Houthis
© AP/Hani MohammedHouthis rally in Sanaa, Yemen
Yemen's Shiite Houthi movement said that France had been involved in the recent deadly attack on a market in northwestern Yemen. Mohammed Ali Al-Houthi, member of the Supreme Political Council of the Houthi movement, wrote on his Twitter page on late Wednesday:
"The French actions left people dead and injured as a result of the artillery bombardment of the Al-Raqu market in the border administrative region of Munabih in the province of Saada. The use of French weapons and experience in the aggression is a crime, which is ignored by the French justice system in return for arms deals."
On Tuesday, the Houthi-controlled media reported that at least 17 people had been killed as a result of the Saudi army's shelling of a market in the Yemeni northwestern province of Saada.

In spring, French media reported that parties to the Yemeni conflict were using the weapons, produced in the European country.

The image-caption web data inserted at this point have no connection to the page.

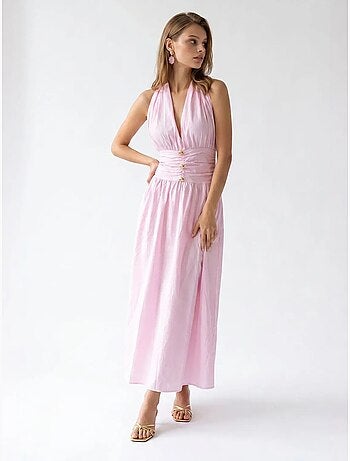 Abito maxi da donna con scollo all’americana in popeline di cotone mixray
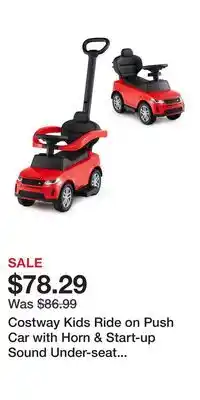 Kohl's Costway Kids Ride on Push Car with Horn & Start-up Sound Under-seat Storage Push Handle offer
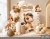 File Thiết Kế Backdrop Đầy Tháng Bé Trai Tuổi Ngọ Tông Nâu Be Dễ Thương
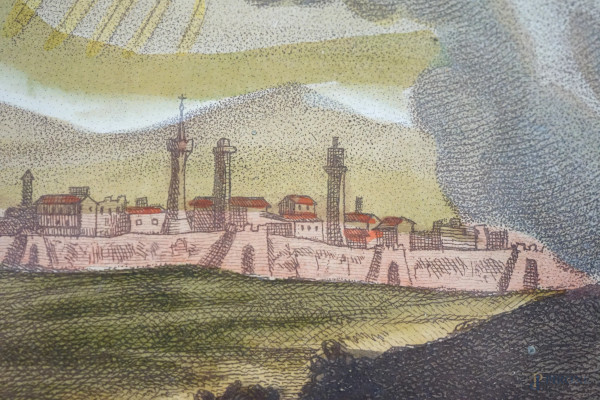 Santa Maria delle Vertighe, stampa colorata, XIX secolo, misure compreso passepartout cm 36,5x26,...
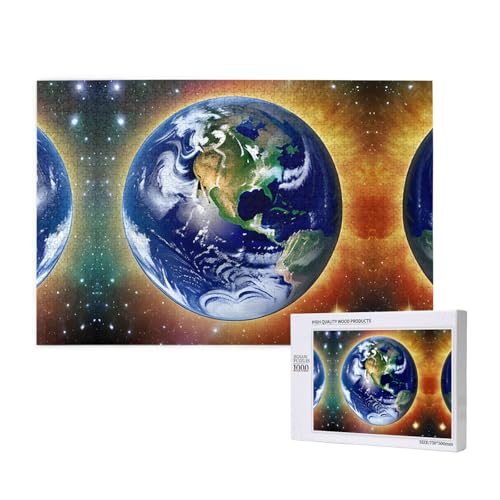 Cosmic Earth Puzzles 1000 Teile für Puzzle, Holzpuzzle für Familie, Freunde, Heimdekoration, Wandkunst, 29,5 x 50 cm von PHAYAH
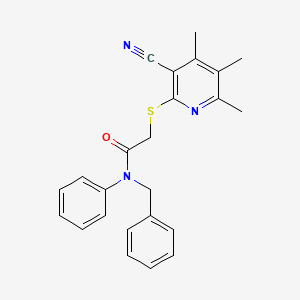 N-benzyl-2-[(3-cyano-4,5,6-trimethylpyridin-2-yl)sulfanyl]-N-phenylacetamide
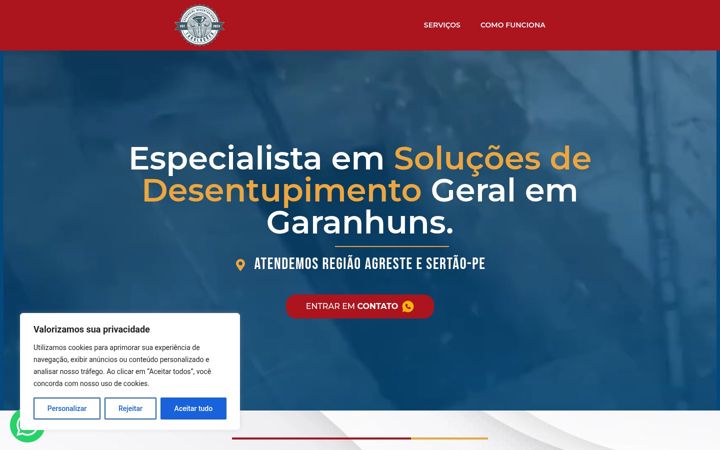 Captura de ecrã de desentupidoraessencialpe.com.br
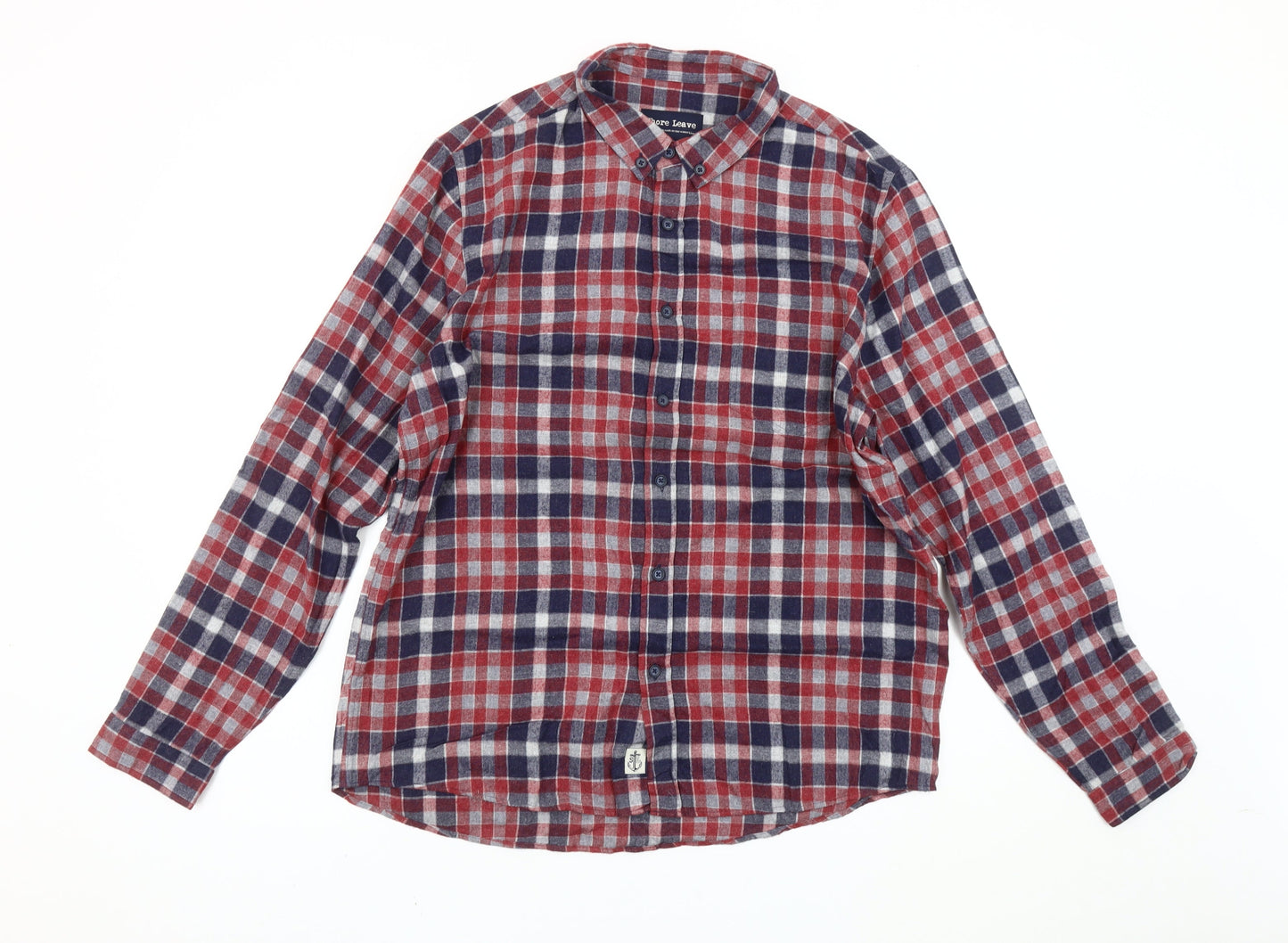 Shore Leave Mens Red Blue Check Flannel Shirt Size L Long Sleeve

The reports emerged several months after French Minister for the Armed Forces Florence Parly told the France Inter broadcaster that she was not aware of any French weapons being used directly in Yemen.

Yemen has been engulfed in an armed conflict between the government forces led by President Abd Rabbuh Mansur Hadi and the Shiite Houthi movement, also known as Ansar Allah, backed by army units loyal to former President Ali Abdullah Saleh, for several years. The Saudi-led coalition has been carrying out airstrikes against the Houthis at Hadi's request since March 2015. Despite the peace accord, signed in Stockholm in 2018, the tensions have significantly escalated in recent months.